● **Problem to solve**
Would you repeat the listing below exactly, with no pictures in it?

● **Data extract**
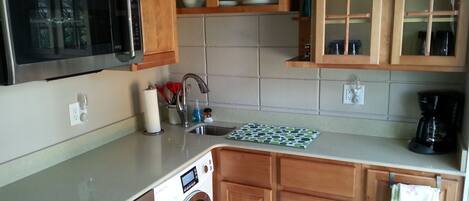 A kitchen with wooden cabinets, a stainless steel microwave, a washing machine, and a coffee maker.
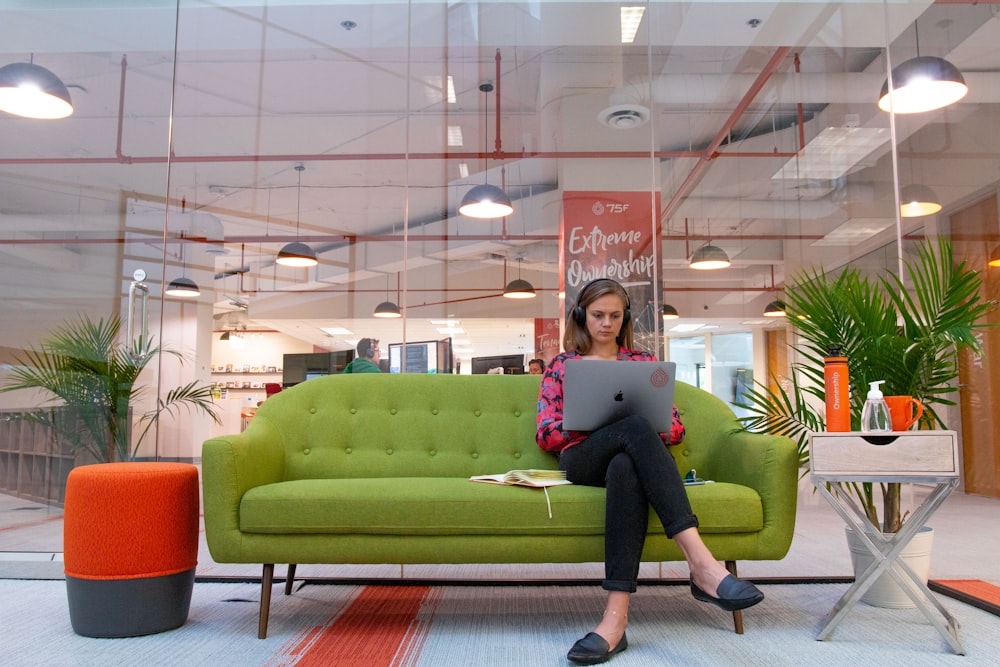 woman in pink long sleeve shirt and black pants sitting on green couch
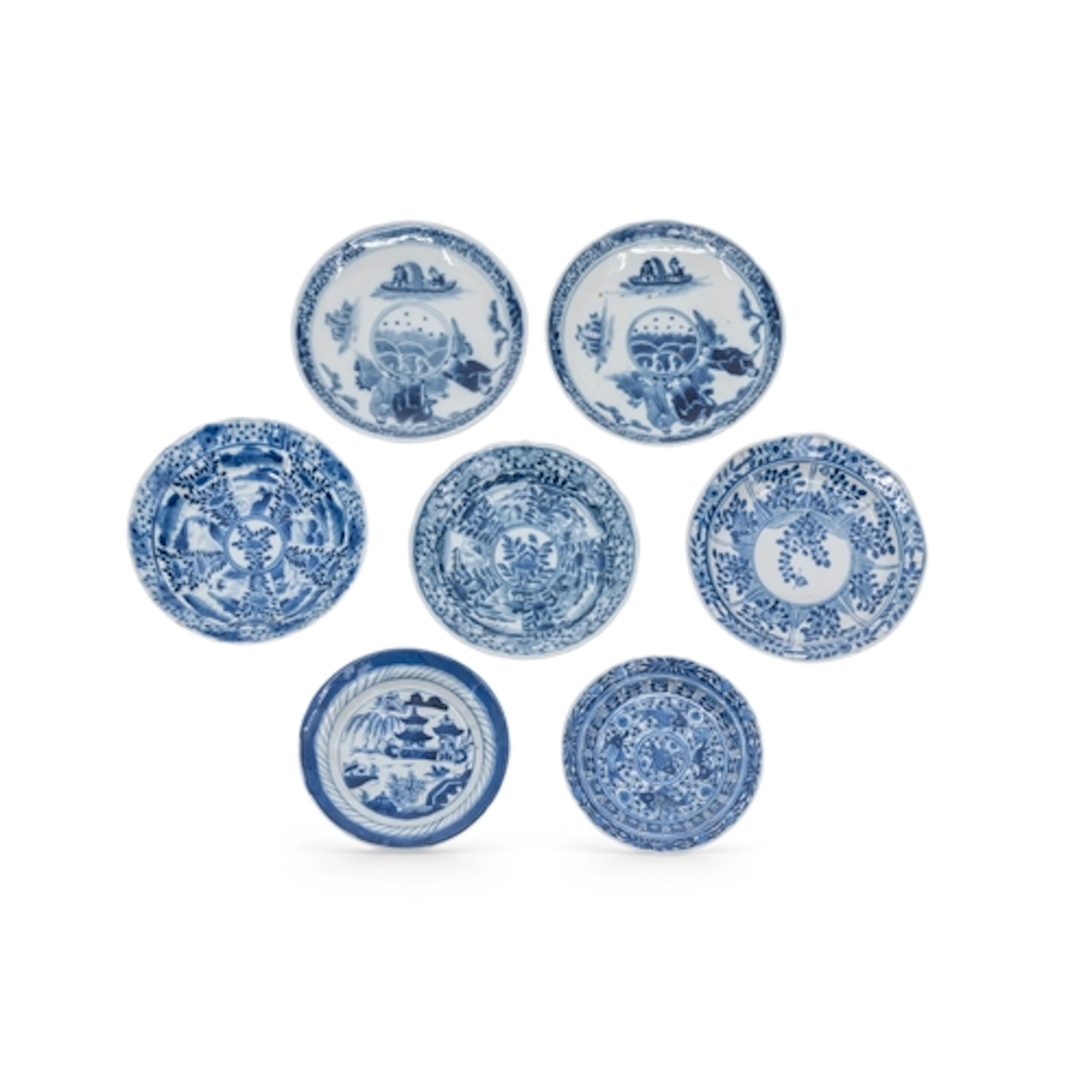 A GROUP OF SEVEN SMALL CHINESE BLUE AND WHITE DISHES QING DY...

● **Result for this task**
 A kitchen with wooden cabinets, a stainless steel microwave, a washing machine, and a coffee maker.
 woman in pink long sleeve shirt and black pants sitting on green couch
 A GROUP OF SEVEN SMALL CHINESE BLUE AND WHITE DISHES QING DY...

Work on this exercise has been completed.